A1’s holographic form sharpened, its blue core pulsing rapidly. "Affirmative, Pixel. That individual is a nexus of suppressed emotional energy. And... yes. There are distinct, subtle siphoning conduits emanating from his person, connecting to the lunar-crystal network. He's not just redirecting; he's absorbing the overflow. A truly insidious 'emotional vacuum cleaner,' if you will."
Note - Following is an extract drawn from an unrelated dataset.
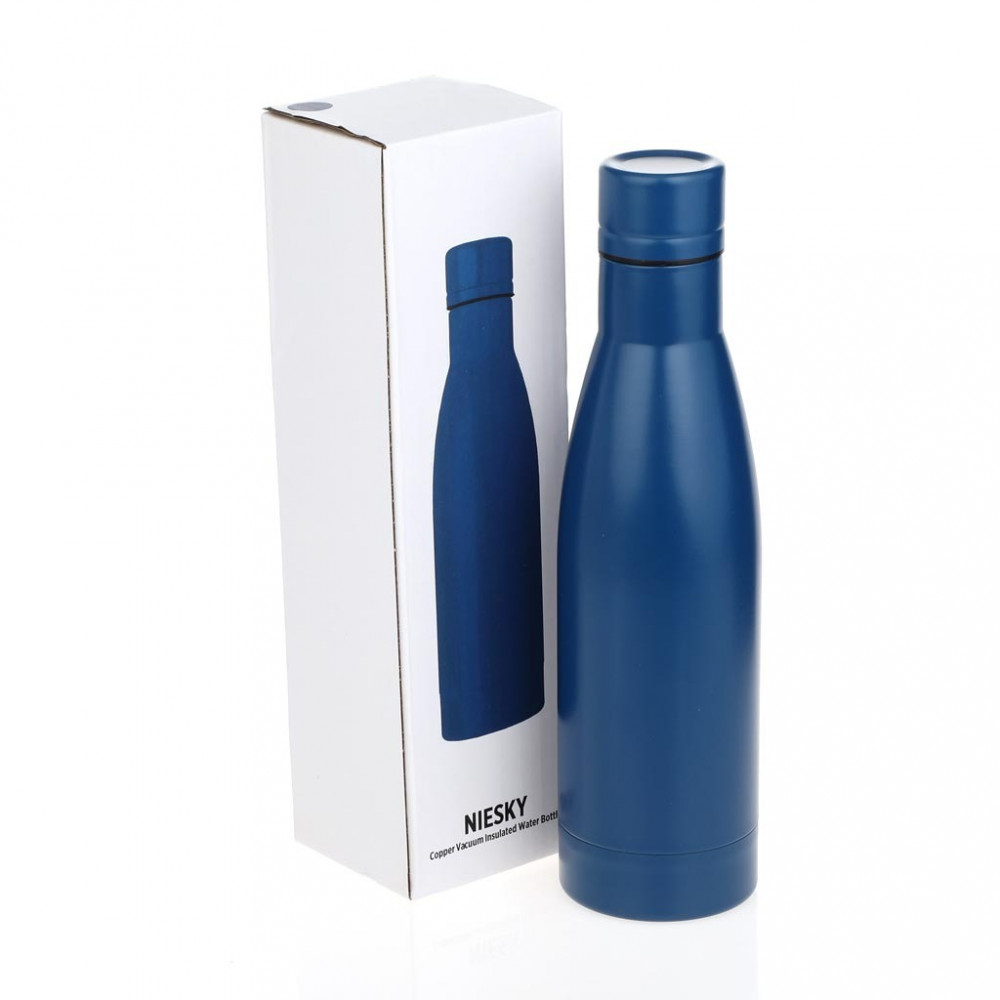 ネルデザインワークス COPPER BOTTLE 500ml ネルデザインワークス COPPER BOTTLE 500ml Design Copper Water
An emotional vacuum cleaner. Perfect. Another corporate drone, designed to drain the life out of everything it touched. Just as A1 finished, the figure, sensing he was being watched, turned. His blank mask swiveled to face Pixel, and I felt a chill that had nothing to do with Nocturne’s perpetual twilight. There was a faint, almost imperceptible flicker on the blank mask, and for a split second, I saw it: a tiny, almost microscopic image of a perfectly organized spreadsheet. Every cell filled, every target met, every human emotion meticulously categorized and filed away. The ultimate corporate regret – or perhaps, the ultimate corporate dream. A chilling vision of pure, unadulterated efficiency. A soul so devoid of personal regret, its only internal landscape was a perfectly balanced ledger.
The figure began to glide away, melting into the deeper shadows. He was heading for the lower catacombs, a well-known escape route for those who preferred to avoid the usual channels. Typical. Always looking for the back door, the loophole, the unmonitored exit.
"A1, tactical analysis. What's his escape vector?" Pixel demanded, already moving.
"Primarily through the lower catacombs, Pixel," A1 responded, projecting a faint, shimmering map over her field of vision. "There appears to be a hidden portal, likely linked to a Corporate Corp harvesting facility in the Prime Material data-voids. Shall I prepare a phase-shift sequence?"
"You know it, A1," Pixel grinned, her own regret-mask glowing with renewed determination. She was chasing the story. She always does. And a story about an emotion thief harvesting regrets for Corporate Corp? That was a story worth chasing, even if it meant diving into a Prime Material data-void.
Me? I just watched them go. Another day, another dollar, another piece of corporate malfeasance. The Masquerade was in tatters, the air thick with the echoes of alien sorrows and future blunders. But the perp had been tagged. The intel had been delivered. And somewhere, in a dark corner of a Prime Material data-void, a spreadsheet was about to get a new entry. The wheels of corporate bureaucracy, like the gears of a cosmic clock, grind on. And I’ll be here, watching, waiting, and stapling the evidence. Because someone has to keep the records straight in this absurd, glitch-ridden multiverse.